I’ve been rather wayward in respect to my blogging duties this summer. One can debate the prudence of the decision, but I opted for some late night java, and now it seems I’m listening to the crickets outside my bedroom window and sketching out a post. In a super-shrunken nutshell, my summer might be described as “libertarians, crabcakes, and bison.” Allow me to explain the combination:
Firstly, I attended several political seminars—one in Atlanta, one outside of Philly—that both had a distinctly libertarian beat. I’m not a libertarian per se, but a lot of the economic chatter was really top-notch. One of the professors had the ancient Sumerian symbol for ‘Freedom’ tattooed on various appendages. I’ve never been a fan of tattoos, but I suppose my newfound libertarian sympathies respect the impulse. After a parade of PowerPoint presentations, I’ve been thinking differently in regards to U.S. immigration and fiscal and monetary policy. And there’s nothing like a discussion of the business cycle to heat up a July night.

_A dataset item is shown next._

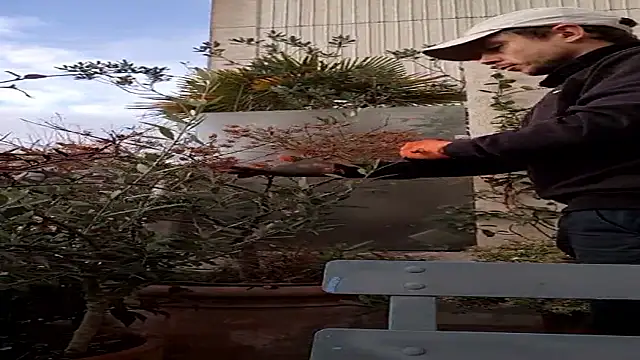 Snapshot of Vyda4 chatting on November 17, 2025, 8:29 am Vyda4 online show from November 17, 2025, 8:29 am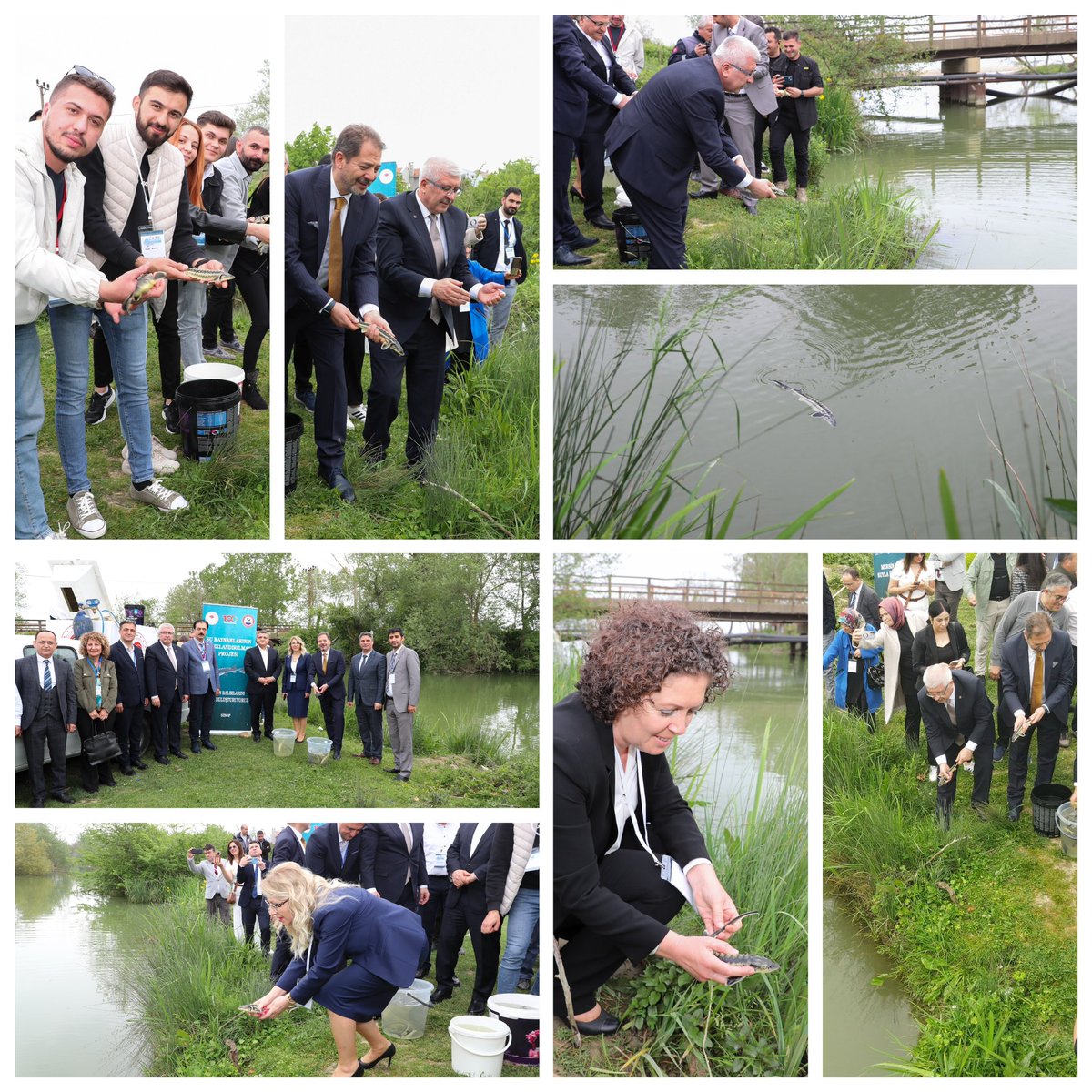 Sinop’ta 500 Adet Mersin Balığı Akarsuya Bırakıldı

The crabcakes can be justified by a trip to Baltimore, where I spent a whirlwind week at a Western Civilization forum. There was lots of talk of political philosophy, constitutionalism, the French Revolution, educational outlook, classical literature, and religion. When the conversation stalled, I can guarantee it was only because we were all munching our crab.
Finally, my family tried out that whole Westward Expansion theory, minus the covered wagon and Laura Ingalls Wilder. You see, we visited the Grand Tetons and Yellowstone National Park—my first real Montana venture. Although my family unilaterally decided to offer me up as a sacrifice should we encounter a grizzly, I seem to have survived the ravaging mama bears. I did see a black bear in a meadow, though, a sprinkling of moose, and a whole lot of bison! Every time we exited the rental car to photograph the breathtaking topography, I thought of that famous Walker Percy essay, the Loss of the Creature and felt mildly guilty. Was I erasing the splendor by reaching for my Nikon? Was I succumbing to a “symbolic complex”? Eh, perhaps.
For everything there is a season—a season for being an abstract, intellectualizing, Walker Percy-reading Swarthmore student, and a time to be an unabashed tourist who has just encountered a really awesome mountain. Here comes another semester. Turn, turn, turn.